= Items from a data source =
= Beginning of Section =

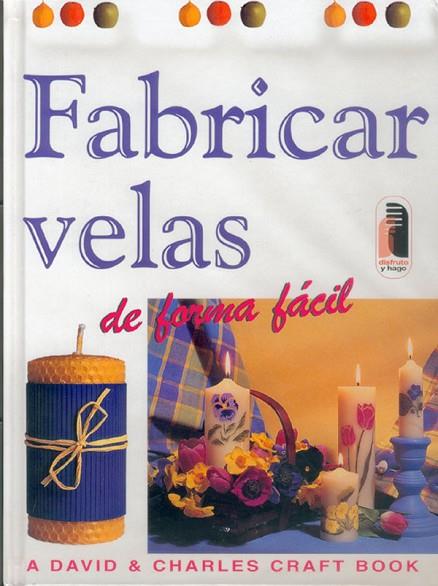 FABRICAR VELAS DE FORMA FACIL | 9788480195430 | PENNY, MARTIN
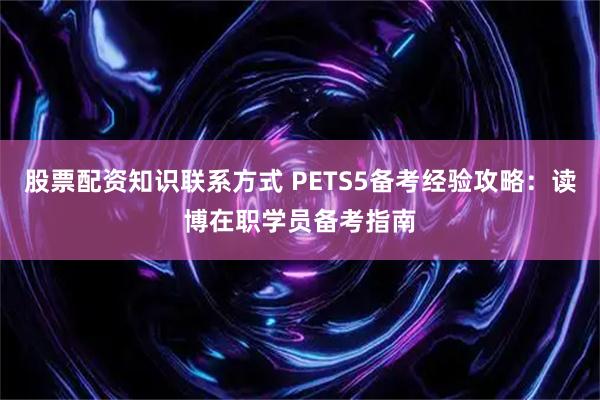 股票配资知识联系方式 PETS5备考经验攻略:读博在职学员备考指南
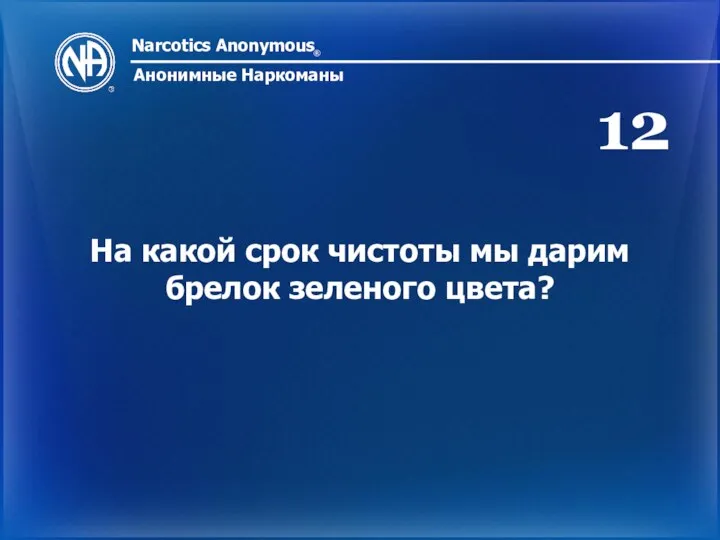 Narcotics Anonymous ® Анонимные Наркоманы На какой срок чистоты мы дарим брелок зеленого цвета? 12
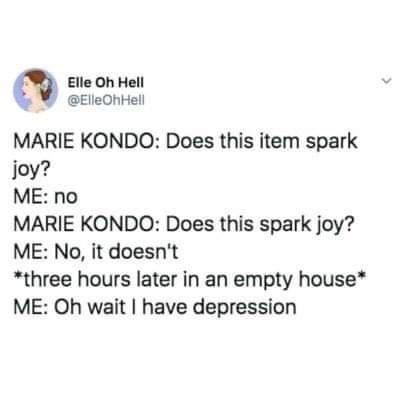 who needs therapy when you have marie condo?
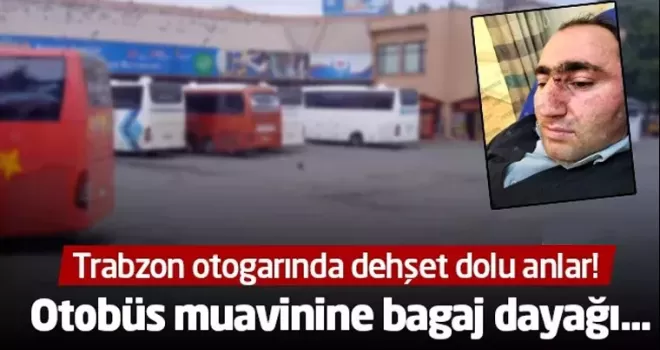 Trabzon otogarında dehşet dolu anlar! Otobüs muavinine bagaj dayağı...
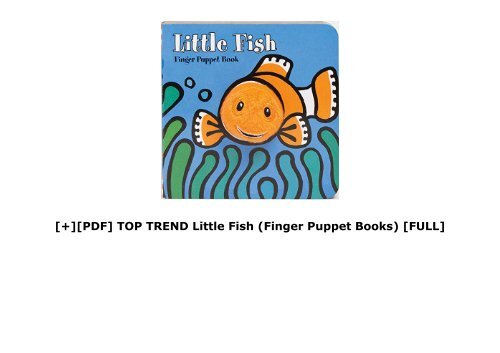 [+][PDF] TOP TREND Little Fish (Finger Puppet Books)  [FULL] 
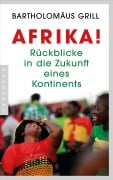 Cover-Bild zum Titel 'Afrika! Rückblicke in die Zukunft eines Kontinents' von 'Bartholomäus Grill'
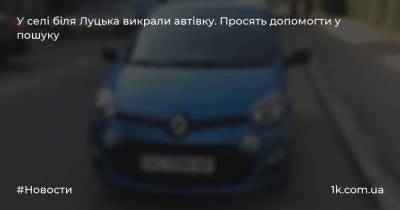 У селі біля Луцька викрали автівку. Просять допомогти у пошуку - 1k.com.ua - Украина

= End of Section =

= Work order =
Repeat the entries faithfully. Any picture gets left out.

= Output =
 FABRICAR VELAS DE FORMA FACIL | 9788480195430 | PENNY, MARTIN
 股票配资知识联系方式 PETS5备考经验攻略:读博在职学员备考指南
 Narcotics Anonymous ® Анонимные Наркоманы На какой срок чистоты мы дарим брелок зеленого цвета? 12
 who needs therapy when you have marie condo?
 Trabzon otogarında dehşet dolu anlar! Otobüs muavinine bagaj dayağı...
 [+][PDF] TOP TREND Little Fish (Finger Puppet Books)  [FULL] 
 Cover-Bild zum Titel 'Afrika! Rückblicke in die Zukunft eines Kontinents' von 'Bartholomäus Grill'
 У селі біля Луцька викрали автівку. Просять допомогти у пошуку - 1k.com.ua - Украина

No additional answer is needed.